• PROBLEM DESCRIPTION:
Go through the entries one line at a time, and gather every line that has the word "Compatible".

• DATA FOR PROCESSING:
>>>>>

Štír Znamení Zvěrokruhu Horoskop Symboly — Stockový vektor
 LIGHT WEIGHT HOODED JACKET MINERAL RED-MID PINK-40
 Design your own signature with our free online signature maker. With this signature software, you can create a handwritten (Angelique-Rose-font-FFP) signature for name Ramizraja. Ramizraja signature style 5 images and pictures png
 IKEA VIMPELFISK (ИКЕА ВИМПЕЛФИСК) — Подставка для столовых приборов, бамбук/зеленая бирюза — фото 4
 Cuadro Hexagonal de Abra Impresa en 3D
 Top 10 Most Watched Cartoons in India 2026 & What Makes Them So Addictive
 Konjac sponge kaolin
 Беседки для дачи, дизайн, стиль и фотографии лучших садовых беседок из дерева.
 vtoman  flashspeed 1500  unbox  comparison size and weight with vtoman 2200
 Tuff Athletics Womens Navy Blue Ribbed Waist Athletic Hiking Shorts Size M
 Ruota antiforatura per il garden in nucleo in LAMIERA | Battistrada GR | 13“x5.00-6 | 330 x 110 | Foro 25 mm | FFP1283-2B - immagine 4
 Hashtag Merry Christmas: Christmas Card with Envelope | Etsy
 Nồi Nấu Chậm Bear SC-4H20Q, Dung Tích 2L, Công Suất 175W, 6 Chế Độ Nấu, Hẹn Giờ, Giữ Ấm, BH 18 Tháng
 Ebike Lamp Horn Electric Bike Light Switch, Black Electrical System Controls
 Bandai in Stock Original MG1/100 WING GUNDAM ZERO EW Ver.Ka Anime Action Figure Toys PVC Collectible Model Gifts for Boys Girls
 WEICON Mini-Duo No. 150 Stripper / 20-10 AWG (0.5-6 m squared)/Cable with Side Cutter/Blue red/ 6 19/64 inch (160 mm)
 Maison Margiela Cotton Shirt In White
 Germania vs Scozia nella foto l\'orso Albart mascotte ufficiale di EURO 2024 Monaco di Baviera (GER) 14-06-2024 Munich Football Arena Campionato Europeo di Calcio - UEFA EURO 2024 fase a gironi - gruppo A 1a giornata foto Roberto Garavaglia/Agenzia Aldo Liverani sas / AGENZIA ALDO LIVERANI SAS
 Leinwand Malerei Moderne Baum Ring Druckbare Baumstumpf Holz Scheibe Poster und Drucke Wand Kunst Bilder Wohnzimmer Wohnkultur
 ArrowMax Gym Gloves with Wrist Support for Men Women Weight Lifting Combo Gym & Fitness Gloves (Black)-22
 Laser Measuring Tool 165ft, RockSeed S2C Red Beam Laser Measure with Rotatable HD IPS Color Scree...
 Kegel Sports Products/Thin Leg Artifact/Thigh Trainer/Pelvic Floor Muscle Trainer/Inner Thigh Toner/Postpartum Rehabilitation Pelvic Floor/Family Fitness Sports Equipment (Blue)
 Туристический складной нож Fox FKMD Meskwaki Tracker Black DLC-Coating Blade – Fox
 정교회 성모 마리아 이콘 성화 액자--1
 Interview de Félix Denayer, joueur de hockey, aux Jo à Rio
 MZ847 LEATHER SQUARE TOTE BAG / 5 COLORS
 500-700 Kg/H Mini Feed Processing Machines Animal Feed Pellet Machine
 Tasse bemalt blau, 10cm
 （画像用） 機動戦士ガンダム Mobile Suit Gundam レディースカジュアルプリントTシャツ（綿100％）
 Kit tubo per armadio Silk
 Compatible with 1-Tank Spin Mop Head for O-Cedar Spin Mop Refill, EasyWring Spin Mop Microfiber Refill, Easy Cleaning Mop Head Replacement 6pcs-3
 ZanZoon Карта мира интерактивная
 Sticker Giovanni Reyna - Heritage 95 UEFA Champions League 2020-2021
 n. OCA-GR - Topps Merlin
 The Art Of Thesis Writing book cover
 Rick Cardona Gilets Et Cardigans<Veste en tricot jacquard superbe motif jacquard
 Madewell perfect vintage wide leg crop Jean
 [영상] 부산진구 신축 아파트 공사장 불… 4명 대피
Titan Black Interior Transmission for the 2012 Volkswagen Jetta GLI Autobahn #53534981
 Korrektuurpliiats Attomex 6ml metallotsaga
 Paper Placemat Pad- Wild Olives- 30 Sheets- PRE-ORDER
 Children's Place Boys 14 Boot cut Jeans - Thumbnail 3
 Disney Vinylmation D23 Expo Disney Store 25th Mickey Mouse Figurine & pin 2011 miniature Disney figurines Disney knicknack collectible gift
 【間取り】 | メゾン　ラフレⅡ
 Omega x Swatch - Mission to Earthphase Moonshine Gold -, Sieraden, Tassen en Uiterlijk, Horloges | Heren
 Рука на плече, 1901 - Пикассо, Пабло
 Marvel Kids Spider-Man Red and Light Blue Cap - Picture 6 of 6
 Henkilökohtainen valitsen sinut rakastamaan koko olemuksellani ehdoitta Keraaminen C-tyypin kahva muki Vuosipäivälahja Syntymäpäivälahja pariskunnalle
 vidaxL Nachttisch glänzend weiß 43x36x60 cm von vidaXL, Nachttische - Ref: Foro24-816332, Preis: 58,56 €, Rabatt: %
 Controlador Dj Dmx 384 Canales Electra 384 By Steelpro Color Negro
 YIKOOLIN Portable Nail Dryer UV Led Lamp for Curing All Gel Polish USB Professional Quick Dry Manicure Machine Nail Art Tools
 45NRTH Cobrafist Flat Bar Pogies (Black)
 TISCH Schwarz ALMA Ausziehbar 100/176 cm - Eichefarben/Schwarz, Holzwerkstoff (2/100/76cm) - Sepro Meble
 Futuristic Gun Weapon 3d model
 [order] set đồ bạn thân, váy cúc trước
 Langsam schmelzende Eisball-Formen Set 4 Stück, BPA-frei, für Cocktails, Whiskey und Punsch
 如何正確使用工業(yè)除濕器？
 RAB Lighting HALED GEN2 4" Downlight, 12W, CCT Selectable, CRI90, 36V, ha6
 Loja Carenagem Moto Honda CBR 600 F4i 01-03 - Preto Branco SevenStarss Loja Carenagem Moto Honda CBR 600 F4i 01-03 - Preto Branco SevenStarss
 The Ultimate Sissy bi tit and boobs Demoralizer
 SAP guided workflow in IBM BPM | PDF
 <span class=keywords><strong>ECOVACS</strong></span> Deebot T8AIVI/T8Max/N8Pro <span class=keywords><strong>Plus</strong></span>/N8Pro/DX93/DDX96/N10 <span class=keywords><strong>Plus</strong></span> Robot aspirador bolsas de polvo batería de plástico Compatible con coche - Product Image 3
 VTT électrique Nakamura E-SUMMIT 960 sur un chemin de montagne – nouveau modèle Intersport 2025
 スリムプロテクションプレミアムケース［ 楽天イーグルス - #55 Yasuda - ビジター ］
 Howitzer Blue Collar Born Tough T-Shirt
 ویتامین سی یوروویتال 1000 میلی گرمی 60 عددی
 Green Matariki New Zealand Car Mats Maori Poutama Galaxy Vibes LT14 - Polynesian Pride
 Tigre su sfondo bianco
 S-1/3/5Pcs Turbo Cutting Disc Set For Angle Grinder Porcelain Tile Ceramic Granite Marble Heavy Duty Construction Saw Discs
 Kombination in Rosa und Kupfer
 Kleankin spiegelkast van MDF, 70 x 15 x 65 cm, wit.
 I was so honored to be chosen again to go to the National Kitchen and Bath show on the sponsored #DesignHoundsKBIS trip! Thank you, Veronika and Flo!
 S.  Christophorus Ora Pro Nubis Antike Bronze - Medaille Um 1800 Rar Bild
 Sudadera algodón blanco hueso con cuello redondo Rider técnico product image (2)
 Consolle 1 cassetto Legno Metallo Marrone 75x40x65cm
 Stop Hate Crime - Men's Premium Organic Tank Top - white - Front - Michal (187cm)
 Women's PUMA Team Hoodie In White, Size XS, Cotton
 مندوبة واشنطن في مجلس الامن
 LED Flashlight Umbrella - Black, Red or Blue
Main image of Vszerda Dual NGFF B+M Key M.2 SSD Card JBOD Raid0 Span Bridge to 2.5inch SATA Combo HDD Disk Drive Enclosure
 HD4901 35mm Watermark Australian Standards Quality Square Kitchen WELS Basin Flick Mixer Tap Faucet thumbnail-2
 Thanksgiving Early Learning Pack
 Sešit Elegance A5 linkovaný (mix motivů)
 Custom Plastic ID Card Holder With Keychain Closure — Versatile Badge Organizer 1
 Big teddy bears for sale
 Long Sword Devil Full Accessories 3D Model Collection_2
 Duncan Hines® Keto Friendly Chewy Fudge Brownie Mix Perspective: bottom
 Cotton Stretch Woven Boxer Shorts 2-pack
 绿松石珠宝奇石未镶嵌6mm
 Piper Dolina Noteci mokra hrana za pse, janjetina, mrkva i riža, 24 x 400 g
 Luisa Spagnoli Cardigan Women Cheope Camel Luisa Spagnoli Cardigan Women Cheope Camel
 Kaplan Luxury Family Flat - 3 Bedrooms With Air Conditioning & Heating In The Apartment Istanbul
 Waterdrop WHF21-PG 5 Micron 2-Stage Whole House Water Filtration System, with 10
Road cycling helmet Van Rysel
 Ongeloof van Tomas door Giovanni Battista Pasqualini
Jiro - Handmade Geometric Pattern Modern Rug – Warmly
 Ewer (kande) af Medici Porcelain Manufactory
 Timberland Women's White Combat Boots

<<<<<

• ANSWER SPACE:
 Compatible with 1-Tank Spin Mop Head for O-Cedar Spin Mop Refill, EasyWring Spin Mop Microfiber Refill, Easy Cleaning Mop Head Replacement 6pcs-3
 <span class=keywords><strong>ECOVACS</strong></span> Deebot T8AIVI/T8Max/N8Pro <span class=keywords><strong>Plus</strong></span>/N8Pro/DX93/DDX96/N10 <span class=keywords><strong>Plus</strong></span> Robot aspirador bolsas de polvo batería de plástico Compatible con coche - Product Image 3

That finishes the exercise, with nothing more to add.